Deux ans plus tard, alors qu'il n'a donc que 16 ans, mais flambe déjà dans les sélections de jeunes de l'équipe de France, Arsenal, la Juventus, l'Inter, l'AC Milan, l'OM ou encore le Bayern Munich viennent toquer à sa porte dans le Nord. Manchester United est tout proche de rafler la mise, mais c'est finalement le RB Salzburg qui l'emporte, contre 2,2 millions d'euros et une promesse de temps de jeu qu'aucun des autres clubs ne pouvaient offrir.

Plus c'est difficile, plus il a envie de se transcender. Il adore les défis.- Mathieu Bodmer

S'en suit une fulgurante, mais très progressive ascension, via un prêt en Ligue 2, puis une intégration en douceur dans l'équipe première du club autrichien, jusqu'à son transfert, contre 10 millions d'euros, à Leipzig, l'autre club européen dans le giron de Red Bull. Mathieu Bodmer, 37 ans, ex-joueur professionnel mais aussi ancien président du club d'Evreux, raconte au Parisien : "Tout le monde l'a découvert cet été mais il a déjà 150 matchs professionnels dans les jambes. J'ai joué contre lui en Ligue Europa avec Nice, et quel match il a fait, à seulement 18 ans ! Je me souviens qu'il était heureux d'avoir Mario Balotelli en face de lui, et il l'a mis dans sa poche. Il est comme ça. Plus c'est difficile, plus il a envie de se transcender. Il adore les défis."

Celui qui l'attend, désormais, en équipe de France devrait lui plaire. Il s'agit de convaincre le sélectionneur de l'installer dans le groupe, puis de chiper une place de titulaire à l'un des joueurs en place. Sa chance : Didier Deschamps aimerait passer à une défense centrale à trois éléments, ce qu'il expérimentera dès ce samedi à Solna, contre deux auparavant. Soit une place de plus à son poste, où elles sont particulièrement chères, une charnière devant rester stable pour solidifier une équipe.

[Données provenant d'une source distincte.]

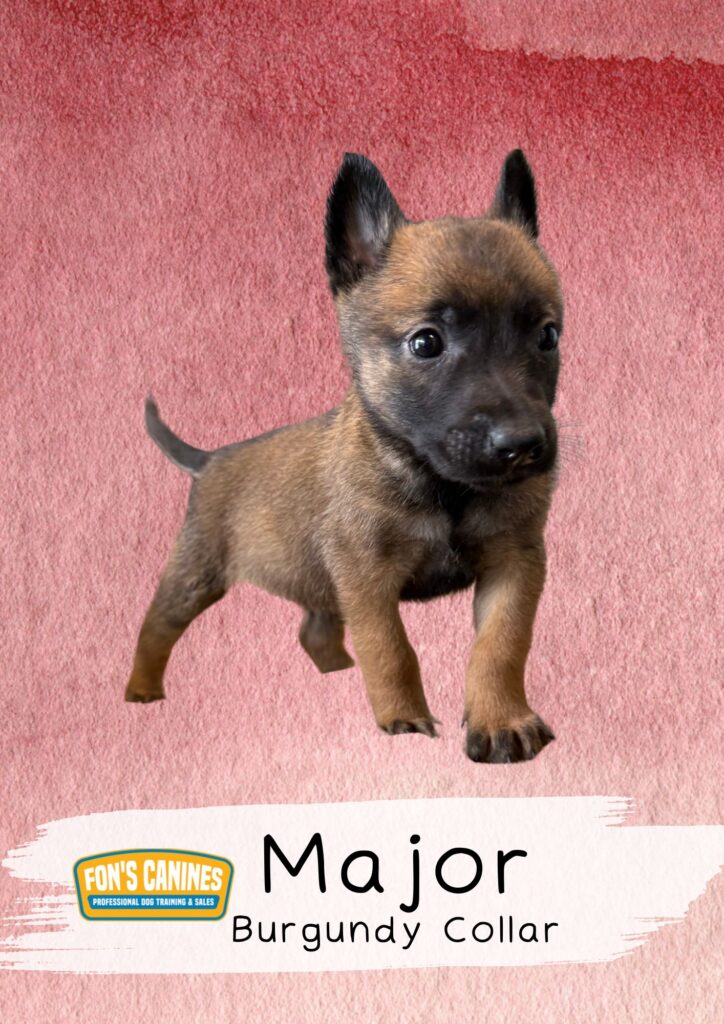 A small brown and black puppy wearing a burgundy collar stands on a pink textured background. Text reads: "Major Burgundy Collar" and "Fon's Canines Professional Dog Training & Sales.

Comment fait-il pour se trouver ainsi toujours au bon endroit, au bon moment ? "Je garde les pieds sur terre et je ne me mets pas la pression, a-t-il calmement répondu, mardi 1er septembre, lors de sa toute première conférence de presse en Bleu. Ce n'est pas facile d'être en concurrence avec d'aussi grands joueurs mais c'est encore mieux pour ma progression de travailler avec Varane, Kimpembe ou Lenglet, des joueurs qui ont l'expérience. Je suis là, je continue à bosser et on verra ce que réserve l'avenir. C'est une nouvelle étape. Ce que je veux, c'est progresser, pas autre chose. Depuis les U16, j'ai fait toutes les catégories et c'était un rêve de venir prendre le petit-déjeuner ici et d'être dans le château. Le travail a été récompensé." Aucun défaut, on vous dit.